■ Problem description ■
Could you give the data that follows again exactly, without its pictures?

■ Data extract ■
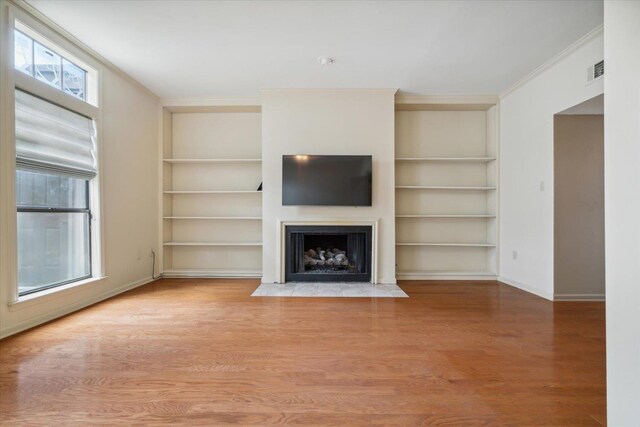 unfurnished living room featuring built in features, crown molding, and wood-type flooring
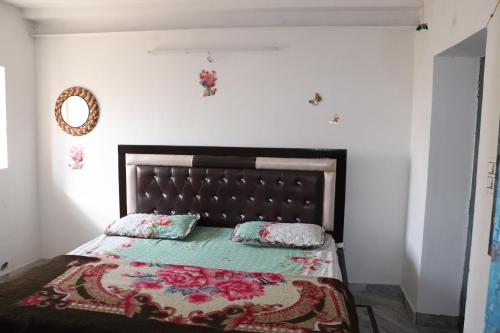 a bedroom with a bed with a blanket and pillows at Anne Guest House in Jodhpur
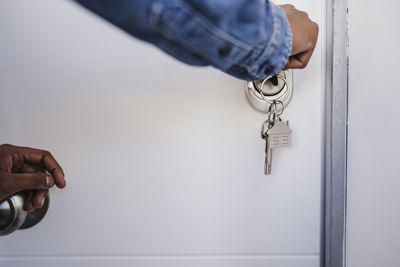 Hand of woman opening door with house keys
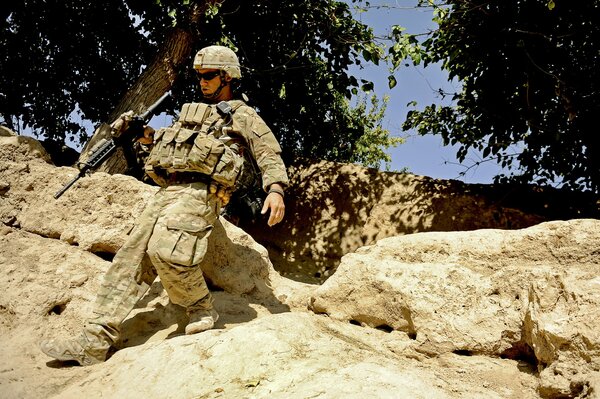 A soldier with a machine gun goes down the rocks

■ Exercise output ■
 unfurnished living room featuring built in features, crown molding, and wood-type flooring
 a bedroom with a bed with a blanket and pillows at Anne Guest House in Jodhpur
 Hand of woman opening door with house keys
 A soldier with a machine gun goes down the rocks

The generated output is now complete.